L’anticapitaliste – Le pouvoir mauritanien a remporté les élections, profitant d’une paix dont ne bénéficient pas les autres pays de la région en butte aux attaques des djihadistes.
Cette stabilité pourrait être minée par les profondes injustices liées au passé esclavagiste du pays. Au total, 71,8 % des 1,8 million de Mauritaniens et Mauritaniennes ont voté pour élire leurs députés, leurs conseillers régionaux et municipaux.
Un vote d’autant plus important qu’il se situe à un an de l’élection présidentielle. Le second tour du 27 mai amplifie le résultat constaté à l’issue du premier tour.
Une élection contestée
Le parti présidentiel El Insaf (équité) est sorti grand vainqueur de ce scrutin et remporte 107 sièges sur les 176 à pourvoir, ceux de la mouvance présidentielle obtiennent 42 mandats. Quant à l’opposition, elle se contente de 27 sièges. Le mouvement islamiste Tawassoul confirme sa première place d’opposant avec 11 sièges, le Front républicain pour l’unité et la démocratie (FRUD) nouvelle organisation politique conduite par Diop Amadou Tijane, militant anti-esclavagiste, remporte 7 sièges et le parti Sawab (nationaliste arabe) qui avait fait une alliance avec Biram Dah Abeid lui aussi militant anti-esclavagiste et ancien candidat à l’élection présidentielle arrivé second, n’obtient que 5 sièges.

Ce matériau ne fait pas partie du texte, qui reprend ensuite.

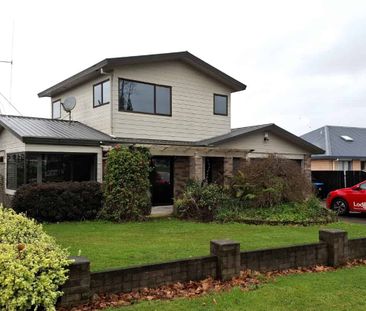 Family living on Tennyson - Photo 3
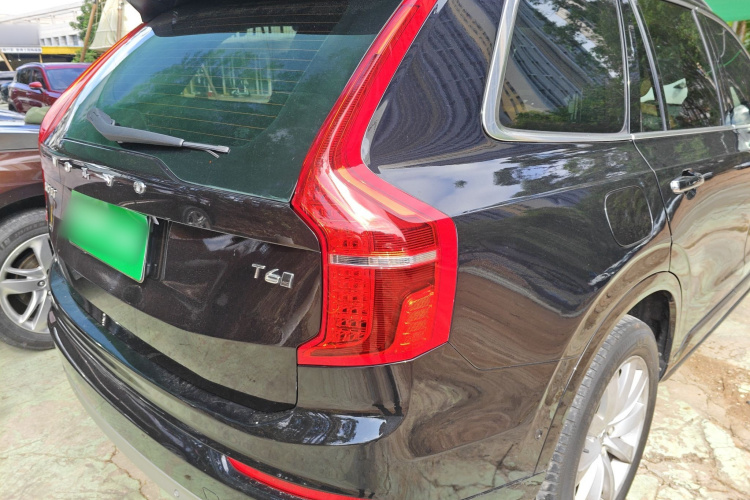 沃尔沃XC90 2015款 T6 智雅版 7座车身外观9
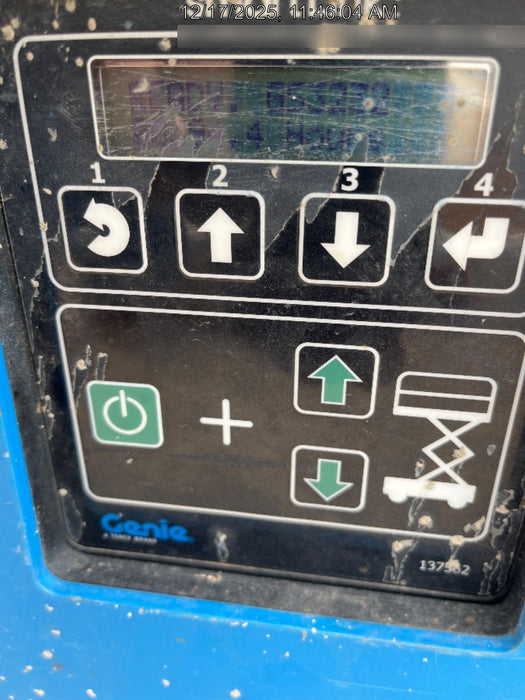 2018 Genie GS-3232 Genie GS3232 Lift w/Folding Rails and Swing Gate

L’opposition a critiqué la sincérité du scrutin, rejointe de manière inattendue par les partis de la majorité présidentielle. Les accusations de fraude, de bourrage des urnes, d’achat de conscience, ont été exposées lors d’une conférence de presse le 19 mai. Cela a valu à Biram Dah Abeid d’être incarcéré pendant deux jours, accusé d’avoir tenu des propos séditieux, ce que ses avocats ont réfuté.
Évolution du paysage politique
En dépit de la difficulté de mesurer l’effet des fraudes sur les résultats annoncés, la capacité du parti présidentiel El Insaf à présenter des candidats sur l’ensemble des postes à pourvoir lui a donné un avantage décisif. L’opposition s’est affaiblie. Le mouvement islamiste Tawassoul a perdu cinq sièges en raison de ses divisions internes. Les partis de la gauche mauritanienne comme le Rassemblement des forces démocratiques (RFD) et l’Union des Forces du progrès (UFP) perdent chacun leurs trois sièges. Certains leur ont reproché une attitude trop conciliante à l’égard du pouvoir et une distanciation avec leur base populaire.

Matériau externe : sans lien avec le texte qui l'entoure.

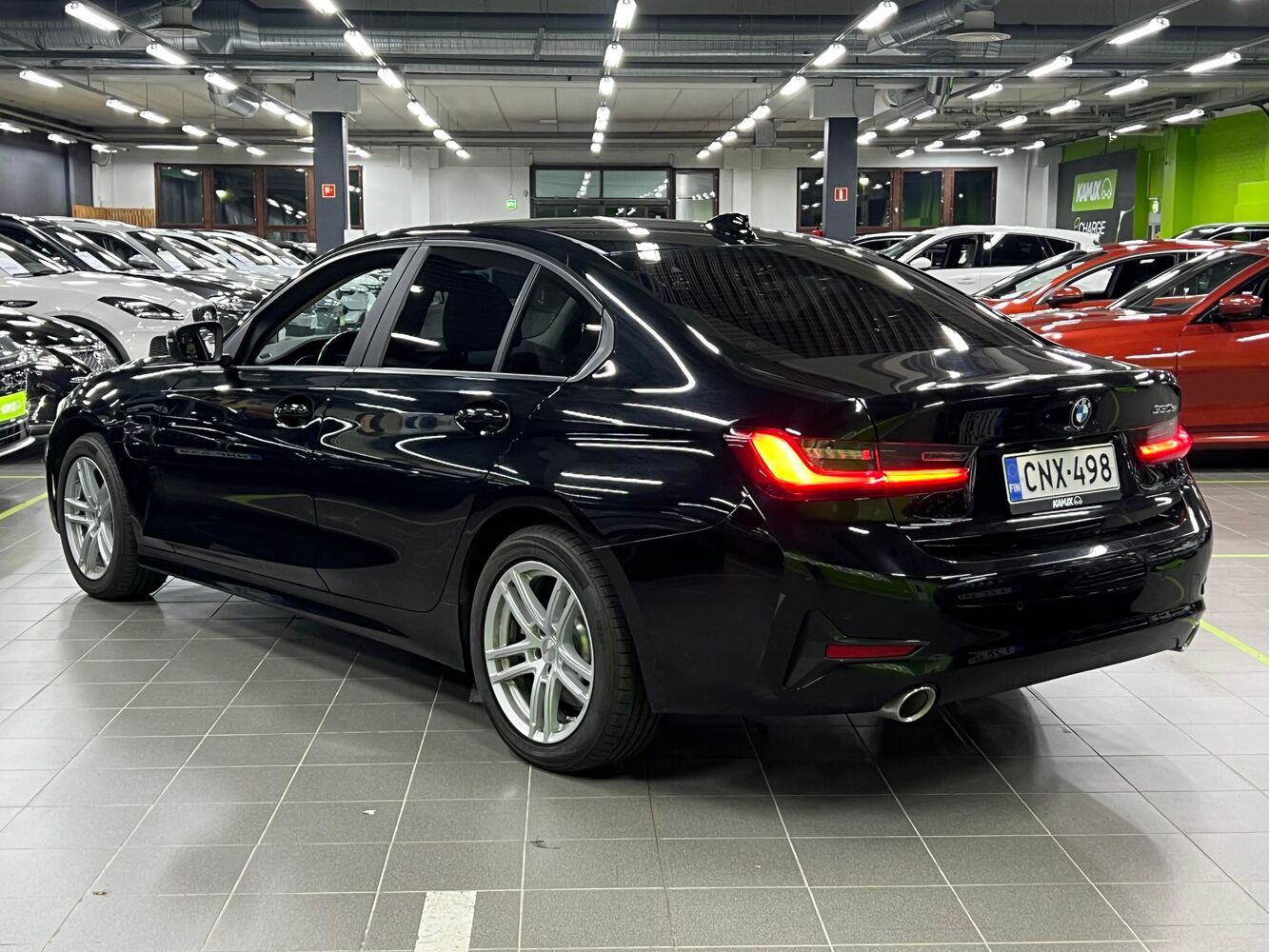 BMW 330 vaihtoauto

Le président actuel Mohamed Ould Ghazouani a succédé à Mohamed Ould Abdel Aziz. Les deux ont participé en 2008 au putsch contre Sidi Ould Cheikh Abdallahi arrivé au pouvoir lors des élections transparentes et menant plutôt une politique progressiste. Les deux putschistes se sont ensuite brouillés. En créant le parti El Insaf, Ould Ghazouani a tenté de solder un passé encombrant même si certains, accusés de crimes racistes dans les années 1990, continuent à occuper des postes stratégiques.
Un cas singulier
Le succès électoral du camp présidentiel fait suite aux nombreuses années de paix que connait la Mauritanie. Alors que le djihadisme se répand sur l’ensemble de la région y compris les pays côtiers comme le Bénin ou le Togo, la Mauritanie reste épargnée. Ce ne fut pas toujours le cas. Par exemple en 2007, quatre ressortissants français ont été tués. Mais depuis 2011 le calme est revenu. Officiellement et c’est en parti vrai, la réorganisation de l’armée mauritanienne a permis de contenir les offensives des islamistes. Le caractère islamique de la république de Mauritanie délégitimerait les attaques djihadistes. Une autre explication est aussi avancée, bien que réfutée par le pouvoir. Il s’agirait d’un accord avec al-Qaïda. En effet les USA, lors de l’assassinat de Ben Laden, ont mis la main sur sa correspondance. Il proposait aux autorités mauritaniennes la paix contre divers avantages pour son organisation. Ce type d’accord n’est pas nouveau. Le Burkina Faso sous l’ère de Compaoré en a bénéficié.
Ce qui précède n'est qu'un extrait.